One of the moons of Mars, Phobos. A recent study by researchers in Stony Brook’s Department of Geoscience found evidence that suggests Mars’ moons may have been created due to impact with the planet.  PUBLIC DOMAIN

Researchers from the Department of Geosciences published a study in September with evidence that suggests Mars’ moons may have been created by a large impact on the planet after rocks were captured by it.

“The study is significant because our results suggest that Phobos, one of the moons of Mars, was formed as the result of a giant impact, much like one of the leading theories of our own Moon’s formation, and was not an asteroid captured by Mars; gravity as has been the common theory,” junior geology major and undergraduate researcher at Stony Brook, Alexander Kling wrote in an email. Kling was responsible for the preparations of some of the samples used in the study and collecting some of the data.

The study analyzed where the Martian moons Phobos and Deimos came from. Results suggest they are captured asteroids that originated from an area near Mars.
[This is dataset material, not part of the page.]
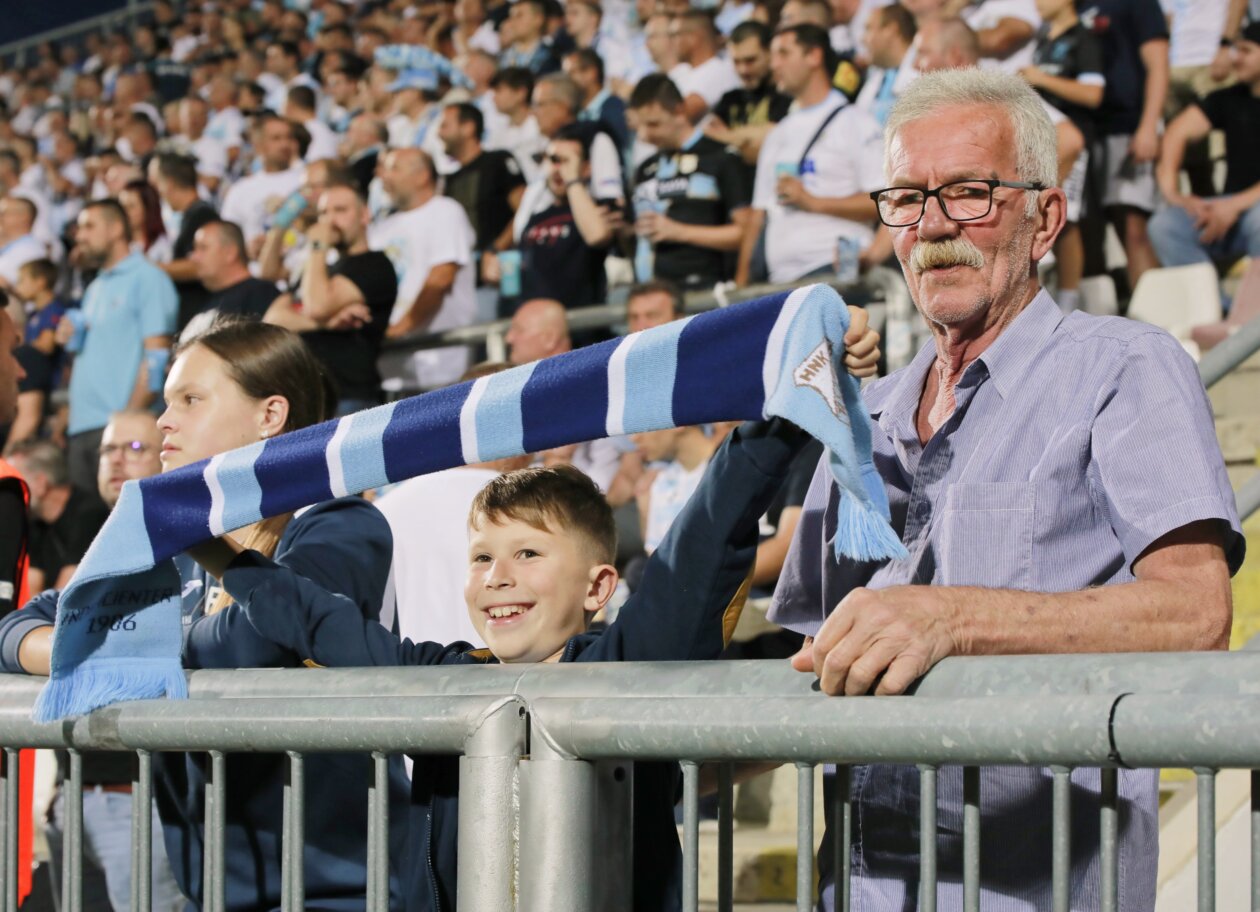 IMG_20250806_212852 IMG_20250806_212852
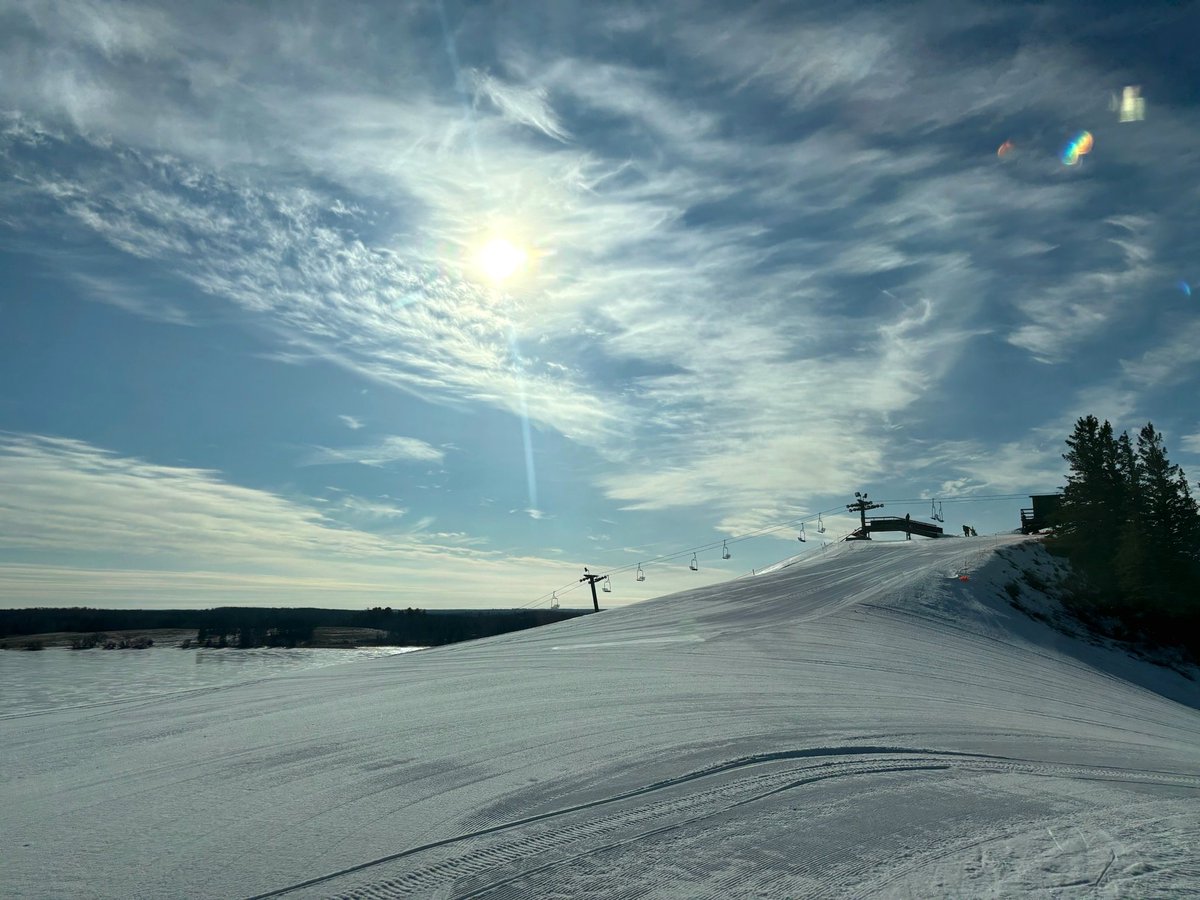 Happy Sunday, everyone!! Another sunny day!☀️😍

What's a better way than to spend a beautiful day skiing, snowboarding, or tubing?!⛷️🏂 

Open today: 11am-6pm for skiing &amp; boarding, and 12-6pm for tubing. (Online reservations for tubing) bvskiarea.com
“My study was trying to use a different type of data to take another look and compare Phobos to meteorites that we think are similar to asteroids, and what it showed is that Phobos doesn’t look like asteroids. We think it might be a piece of the Martian crust,” Associate Professor in the Department of Geosciences, Timothy Glotch, the study’s principal investigator, said. “One idea is that certain waves of light look similar to asteroids in the main belt of the solar system. They’re also chunks of Mars after it was hit, then Phobos and Deimos were what was left from that material that was ejected from Mars as a result of this large impact.”

Glotch was assisted by Stony Brook postdoctoral researcher Dr. Katherine Shirley, Kling and Brigham Young University graduate student Dylan McDougall.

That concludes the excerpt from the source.